Dead men do tell tales

Dead men tell no tales is a phrase older than the title of a 2017 film in the “Pirates of the Caribbean” franchise. The phrase has been tracked down to the 13th-century Persian poet Abū-Muhammad Muslih al-Dīn bin Abdallāh Shīrāzī and even earlier to Plutarch in the second century. Murder to silence someone who knows too much is as old as history, but the phrase has become obsolete in the face of modern forensic science. Anyone who has watched “Crime Scene Investigation” documentaries knows that the remains of the dead do tell tales that lead to prosecution and final judgment. These can also revise history.

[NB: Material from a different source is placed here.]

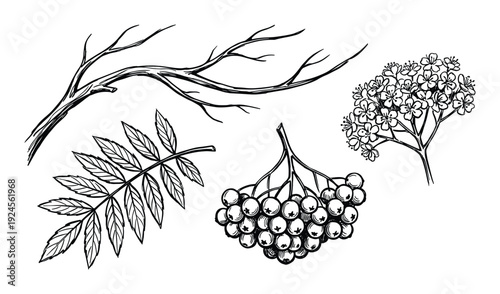 Rowan branch, berries, leaves and flowers sketch illustration on white background, detailed botany drawing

I first saw medical science at work in Philippine history when Dr. Jose M. Pujalte led a team of orthopedic doctors that exhumed Apolinario Mabini’s bones in 1980. Their analysis: the “Sublime Paralytic” did not lose the use of his legs due to syphilis, as previously whispered about; he was afflicted by polio. Then, there was the opinion of Juan Luna’s younger brother, the toxicologist Dr. Jose Luna, that the great painter’s unexpected death in Hong Kong was due to poisoning. I have a copy of Luna’s 1899 death certificate that gives the cause of death as “angina pectoris,” literally a pain in the chest or a heart attack. Case closed. But then, during a talk delivered to the Philippine Heart Association, I detailed the account of Mariano Ponce who was with Luna at the time of death. Ponce described the symptoms as a sudden splitting headache and vomiting before losing consciousness. These, I was told, are symptoms of a stroke, not a heart attack.

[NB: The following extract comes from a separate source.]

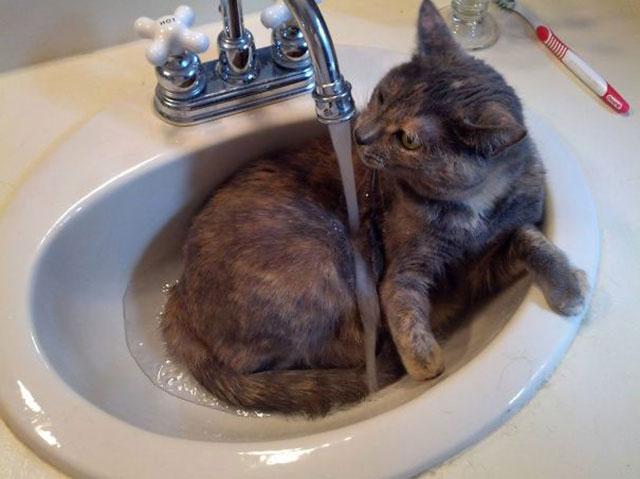 chat-aime-eau-05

Four decades ago, a few strands of hair caused a reinvestigation into Napoleon’s death. Six days before Napoleon passed he left these instructions with his personal physician:

“After my death, that cannot be far off, I want you to open my body … I want you to remove my heart, that you will place in spirits of wine and take to Parma, to my dear Marie-Louise … I recommend that you examine my stomach particularly carefully; make a precise detailed report on it, and give it to my son … I charge you to overlook nothing in this examination … I bequeath to all the ruling families the horror and shame of my last moments.”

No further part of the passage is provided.